> [Task] Each line below must be reproduced exactly, though the pictures are to be dropped.

> [Data segment]
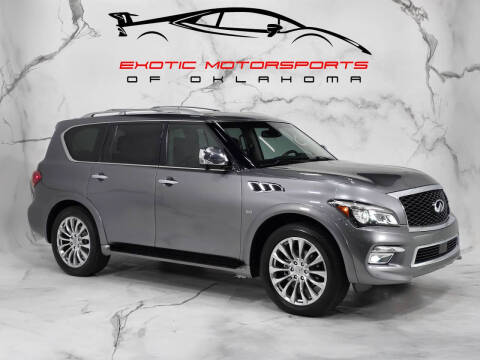 2017 Infiniti QX80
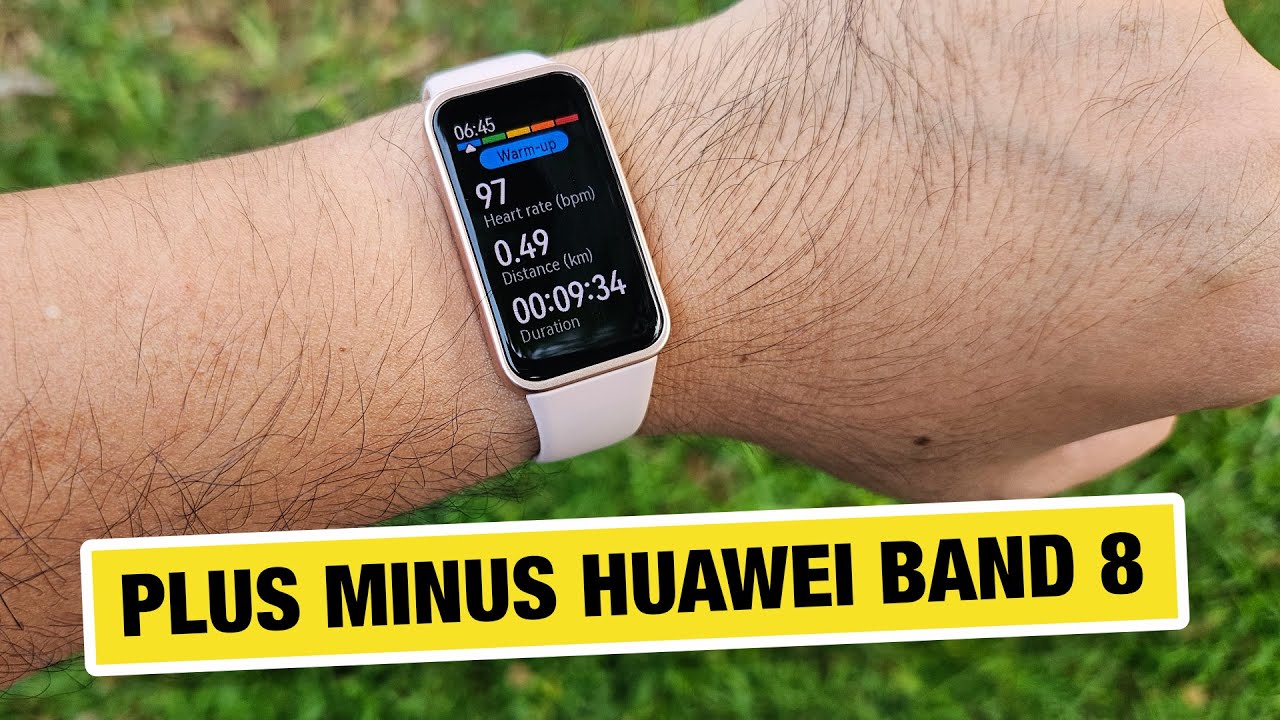 ⚡️ HUAWEI Band 8 Review: Kelebihan, Kekurangan, dan Kesimpulan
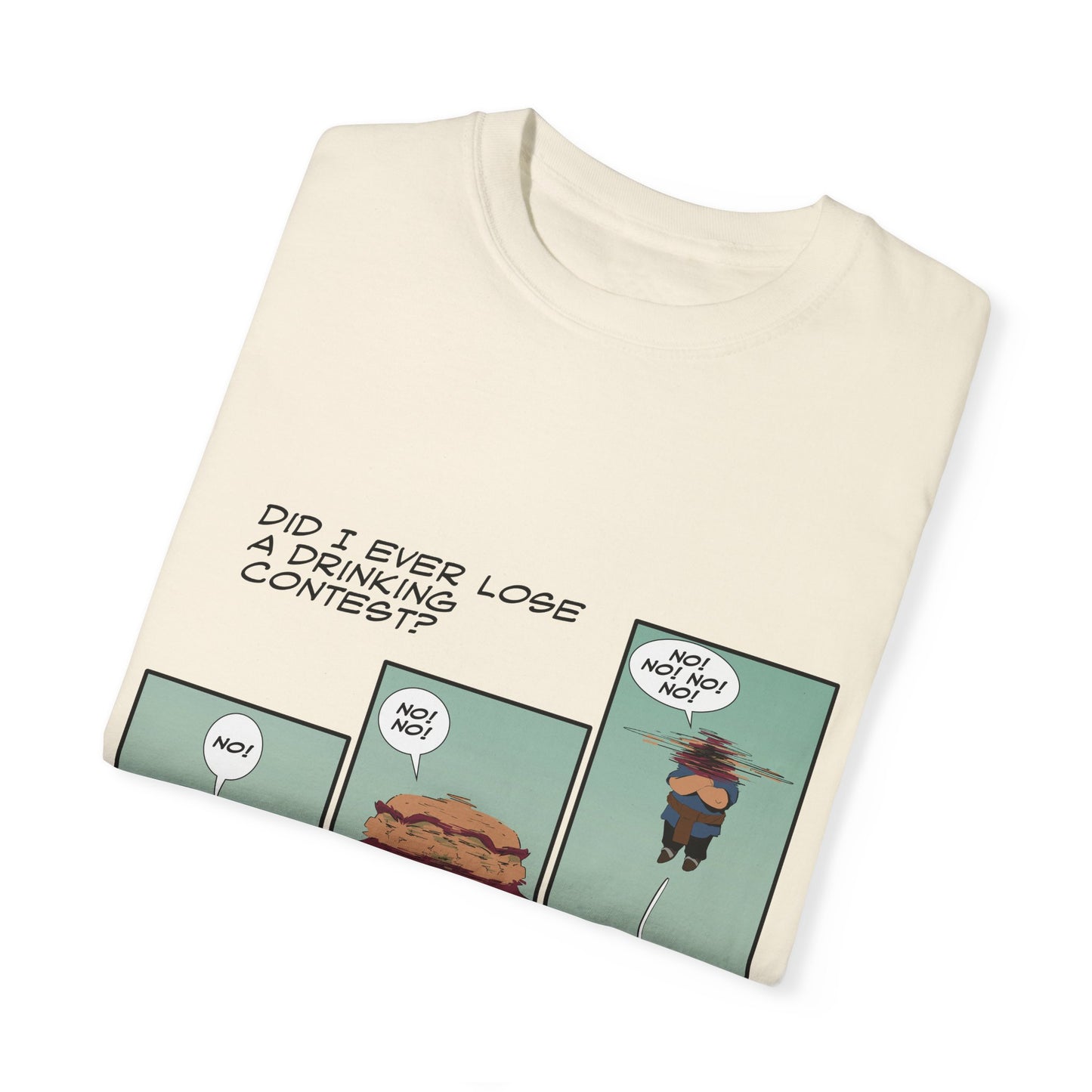 'Never Lost A Drinking Contest' Original Runebreakers Unisex Comfort t-shirt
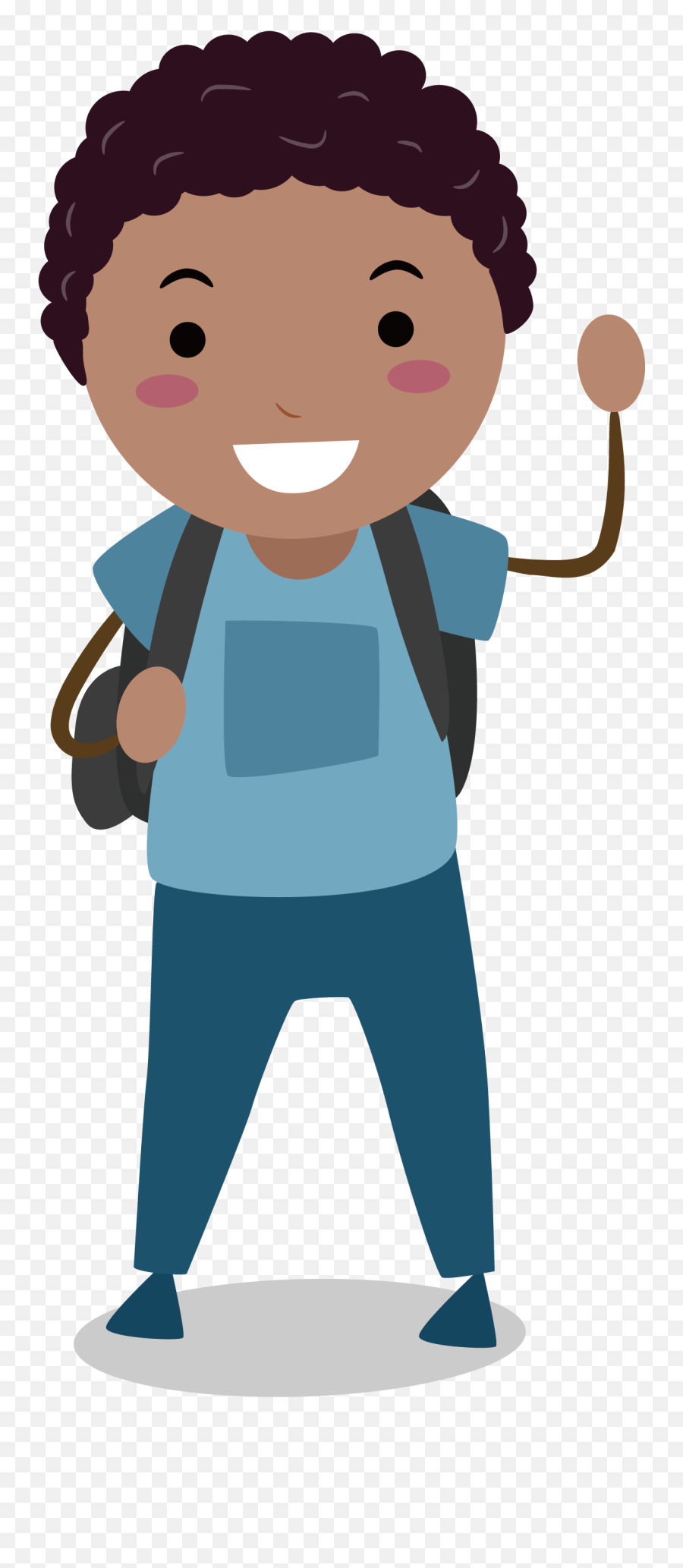 Free Male Student Cliparts Download - Student Boy Clipart Png Emoji,Student Clipart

> [Completed exercise]
 2017 Infiniti QX80
 ⚡️ HUAWEI Band 8 Review: Kelebihan, Kekurangan, dan Kesimpulan
 'Never Lost A Drinking Contest' Original Runebreakers Unisex Comfort t-shirt
 Free Male Student Cliparts Download - Student Boy Clipart Png Emoji,Student Clipart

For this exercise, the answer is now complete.